Hi,
Could someone help me in proving this statement:
Let I be an interval and assume that f: I--->R is an increasing function. Prove that if the image of f(I) is connected then f must be continuous.
Thanks a lot
So far, I've written down the definition of an interval as follows:
There exists a,b in S and c in S such that a < c < b. S
Let S1 = Intersection (-inf,c)
Let S2 = Intersection (c,inf).
Then I've assumed f is not confinuous at a point a and started an epsilon-delta arguement.
I think it has something to do with f(c) + epsilon/2, but I can't complete the proof...
Use the notation $\displaystyle f(c+)$ for the limit on the right at $\displaystyle x=c$.
Likewise for the limit on the left, $\displaystyle f(c-)$.
Monotonic functions are quasi-continuous, so both exist.
If $\displaystyle f$ is not continuous at $\displaystyle x=c$ then either $\displaystyle f(c-)<f(c)$ or $\displaystyle f(c)<f(c+)$.
If $\displaystyle f(c-)<f(c)$ consider $\displaystyle \left( { - \infty ,f(c - )} \right] \cup \left[ {f(c),\infty } \right)$.
Try thinking of it this way.
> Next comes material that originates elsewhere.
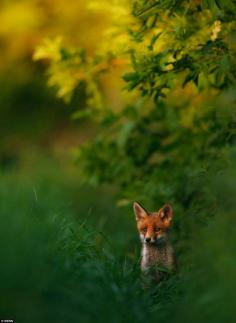 
                    
                        Evening Idyll by Hermann Hirsch (GDT Nature Photographer of the Year 2013)
                    
                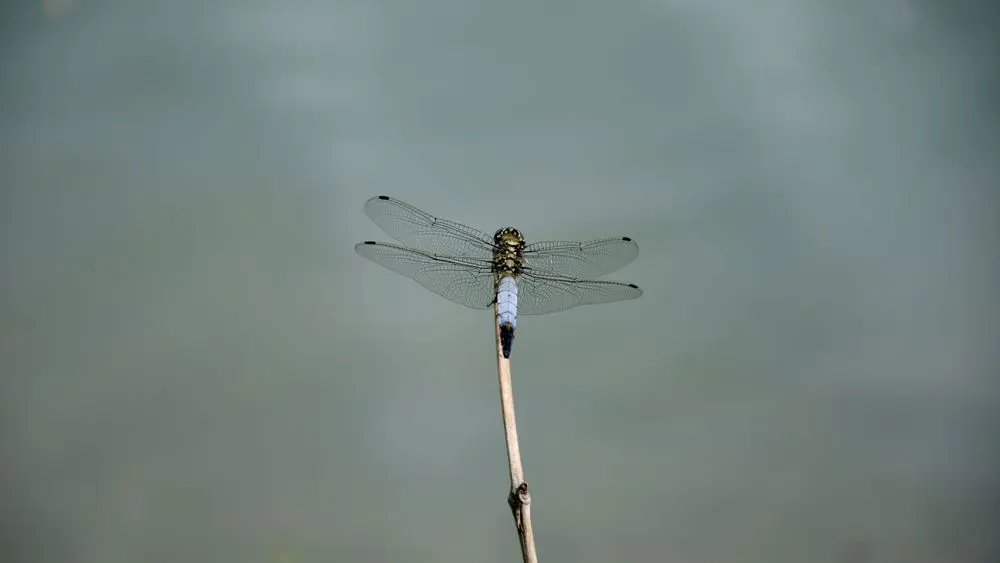 23 Orthetrum cancellatum ©M.Bach PNRPL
Suppose that $\displaystyle f$ was not continuous then you can find some $\displaystyle x_0\in S$, and some $\displaystyle \varepsilon>0$ such that for all ]math]\delta>0[/tex] there exists some $\displaystyle y_\delta$ such that $\displaystyle |x-y_\delta|<\delta$ and $\displaystyle |f(x)-f(y_\delta)|\geqslant \varepsilon$. Try creating a contradiction with this.
Hint: Think about the IV property.